COLUMBIA, Mo. (AP) - A 31-year-old man whose dreams led him to confess to the slaying of a Missouri journalist says he had nothing to do with the killing and is planning to appeal.

Charles Erickson is serving a 25-year sentence in the death of Columbia Daily Tribune sports editor Kent Heitholt, who was killed on Nov. 1, 2001. Erickson’s confession also led to the nearly 10-year incarceration of his friend, Ryan Ferguson, who was freed in late 2013 because prosecutors withheld evidence.

Erickson started having dreams about Heitholt’s death more than two years after the killing and eventually pleaded guilty to second-degree murder and other charges, the Columbia Daily Tribune (https://bit.ly/1pCPP5S ) reports.

Now he says he blacked out from drinking on the night of the slaying and that many of the details in his confession came from investigators and news reports.

“He’s a victim, just like Ryan,” said Bill Ferguson, Ryan Ferguson’s father. “Here’s a guy who confessed to a murder he did not commit - he could not have committed if you look at the timeline and the evidence.”

Police picked Erickson up on a tip. Video of a subsequent police interview shows officers feeding information to him.

Erickson eventually took a plea deal and was sentenced to 25 years in prison.
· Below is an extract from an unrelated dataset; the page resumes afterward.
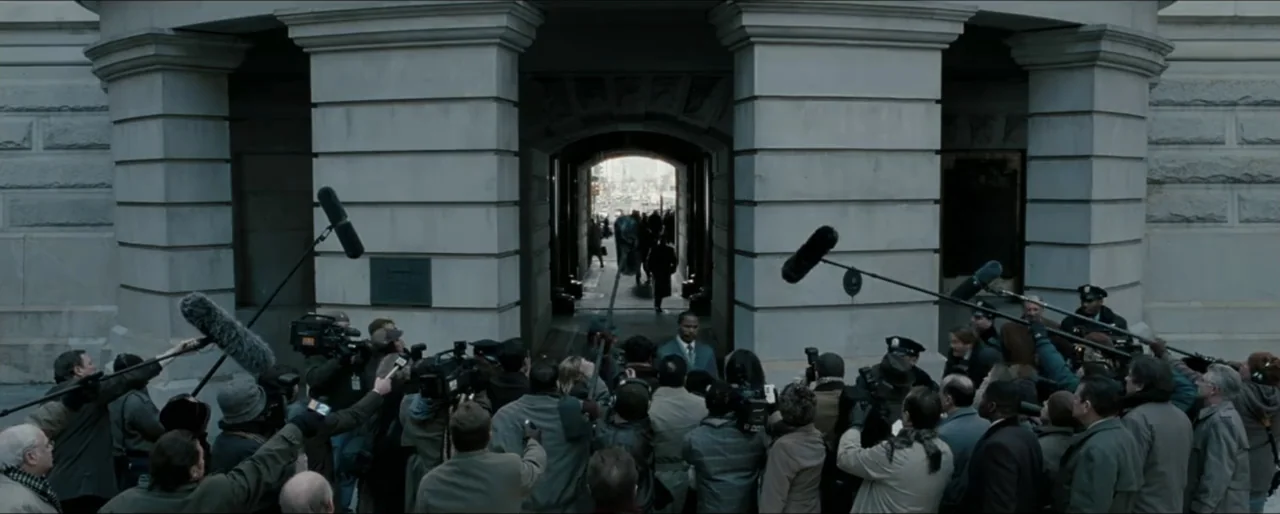 Law Abiding Citizen (2009) movie still: wide — A stone building entrance features large columns and an arched doorway leading to a bright exit. A…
He also agreed to testify against Ferguson, who was convicted after a 2005 trial and was sentenced to 40 years in prison.

Erickson and several witnesses later recanted their testimony, and after several post-conviction hearings, a Missouri Court of Appeals panel vacated Ferguson’s convictions on Nov. 5, 2013. He was released a week later after spending nearly a decade in prison.
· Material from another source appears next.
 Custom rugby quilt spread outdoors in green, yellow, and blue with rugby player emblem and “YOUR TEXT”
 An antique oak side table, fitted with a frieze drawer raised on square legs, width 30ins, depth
Erickson is not eligible for release from the Northeast Correctional Center in Bowling Green until at least 2020.

In a prison interview last week, Erickson said he doesn’t remember anything after leaving a Columbia bar and asking for a ride home.

Attorney Gary Brotherton, who specializes in post-conviction proceedings, said he plans to file a habeas corpus writ to request Erickson’s release in the coming months.

Erickson said he’s not getting his hopes up and that being locked up has made him realize everything he previously took for granted.

“Especially family,” Erickson said. “That was one of the things I figured out as soon as I got locked up. Family, sobriety. I’m never going to drink again. I’m never going to get high again.”